## Instructions to follow
Print the data exactly as written, but leave out each picture.

## Record set
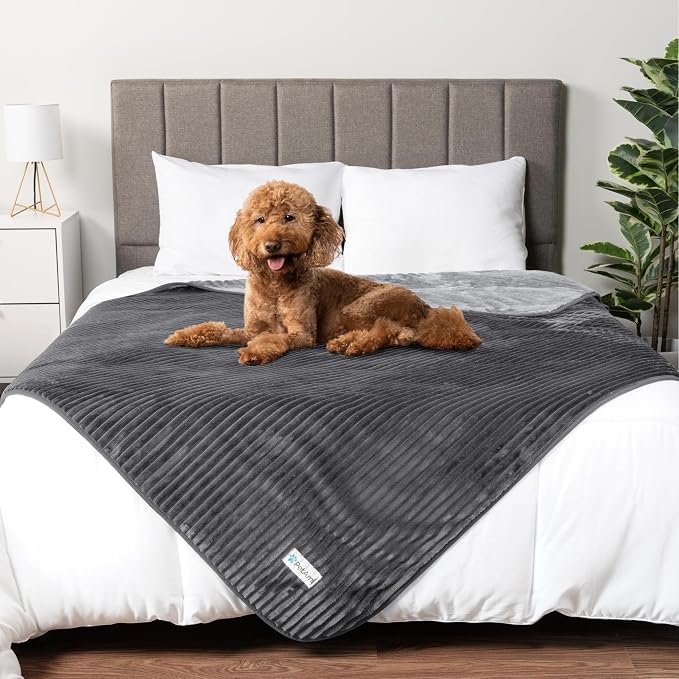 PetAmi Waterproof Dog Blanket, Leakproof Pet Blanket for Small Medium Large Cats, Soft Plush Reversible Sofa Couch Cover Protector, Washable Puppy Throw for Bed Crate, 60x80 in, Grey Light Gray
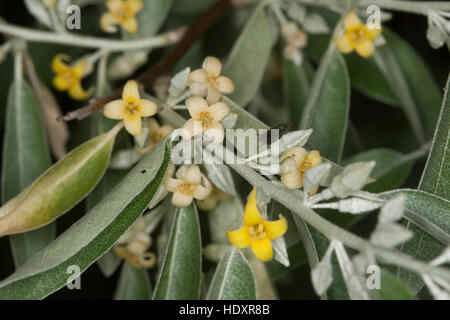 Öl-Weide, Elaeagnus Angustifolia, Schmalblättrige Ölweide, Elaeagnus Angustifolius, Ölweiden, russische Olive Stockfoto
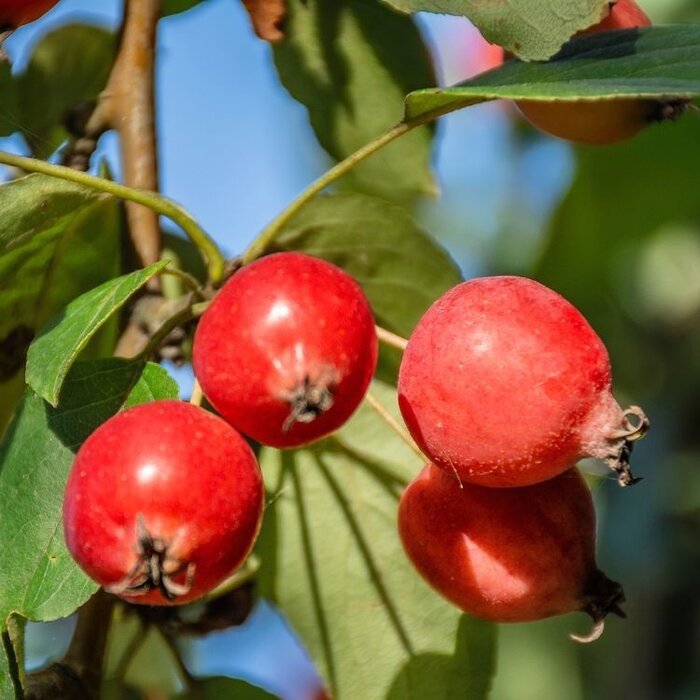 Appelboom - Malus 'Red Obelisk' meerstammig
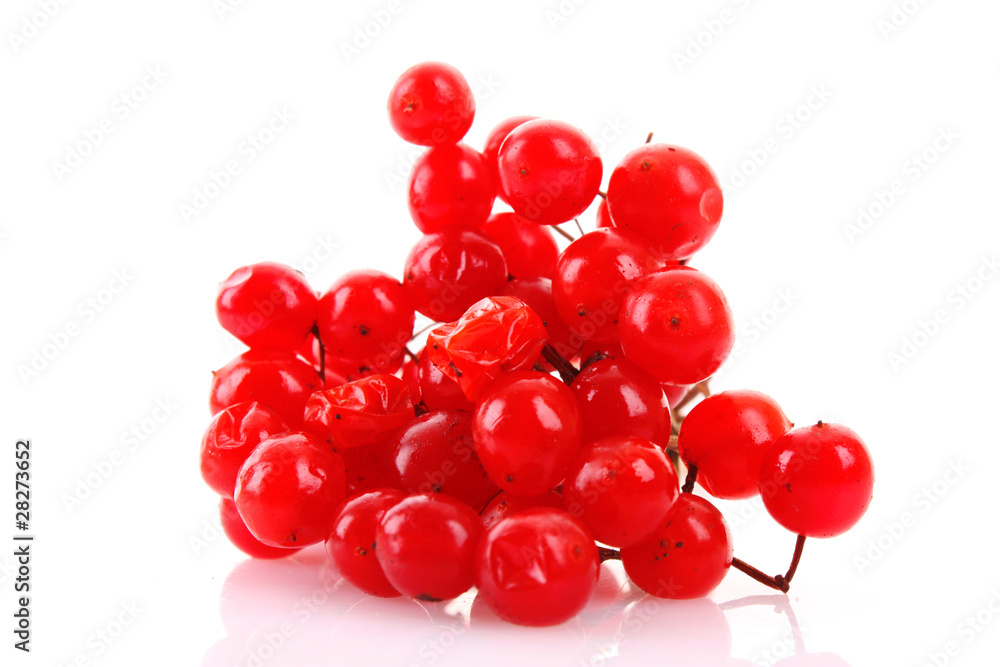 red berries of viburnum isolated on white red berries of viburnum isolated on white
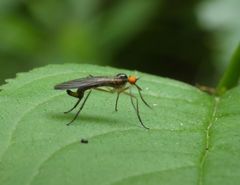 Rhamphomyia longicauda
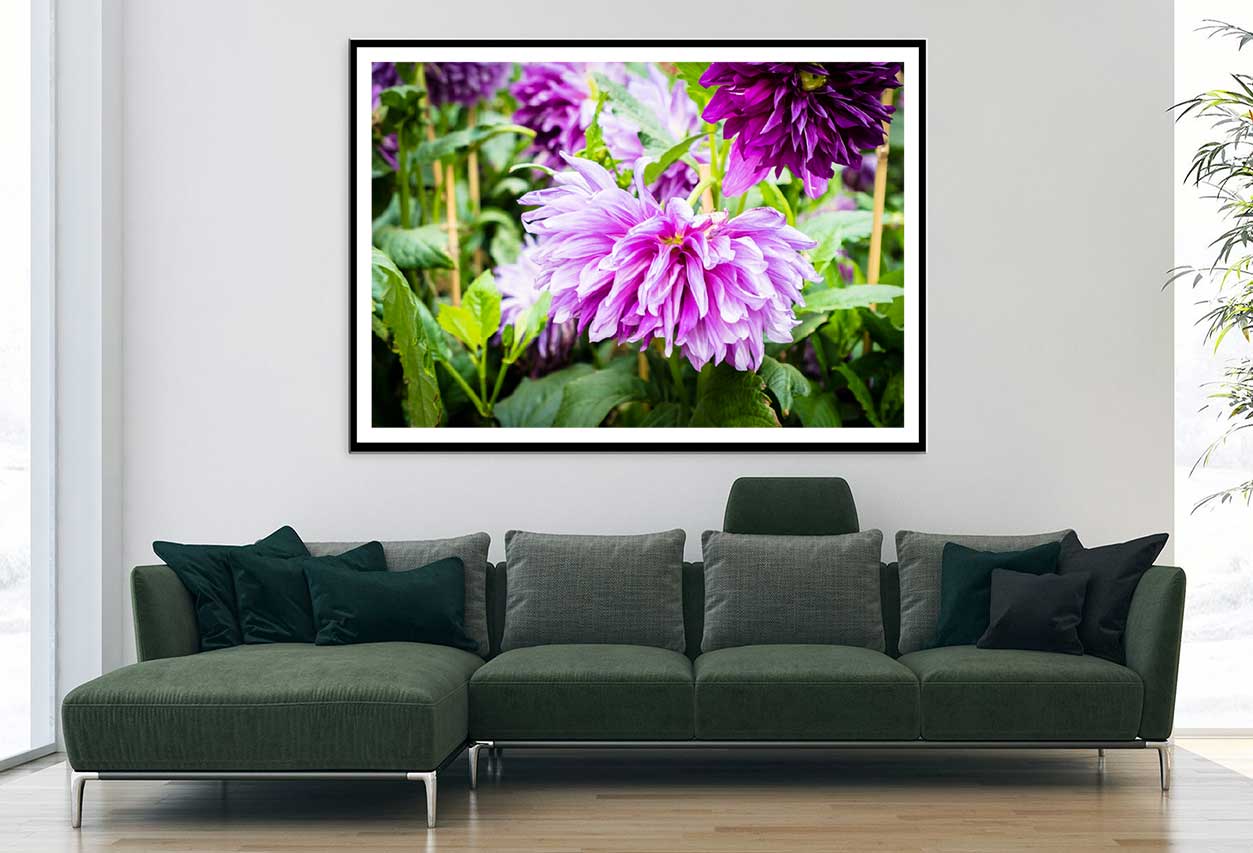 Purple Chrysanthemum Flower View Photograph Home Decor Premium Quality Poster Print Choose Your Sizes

## Solution
 PetAmi Waterproof Dog Blanket, Leakproof Pet Blanket for Small Medium Large Cats, Soft Plush Reversible Sofa Couch Cover Protector, Washable Puppy Throw for Bed Crate, 60x80 in, Grey Light Gray
 Öl-Weide, Elaeagnus Angustifolia, Schmalblättrige Ölweide, Elaeagnus Angustifolius, Ölweiden, russische Olive Stockfoto
 Appelboom - Malus 'Red Obelisk' meerstammig
 red berries of viburnum isolated on white red berries of viburnum isolated on white
 Rhamphomyia longicauda
 Purple Chrysanthemum Flower View Photograph Home Decor Premium Quality Poster Print Choose Your Sizes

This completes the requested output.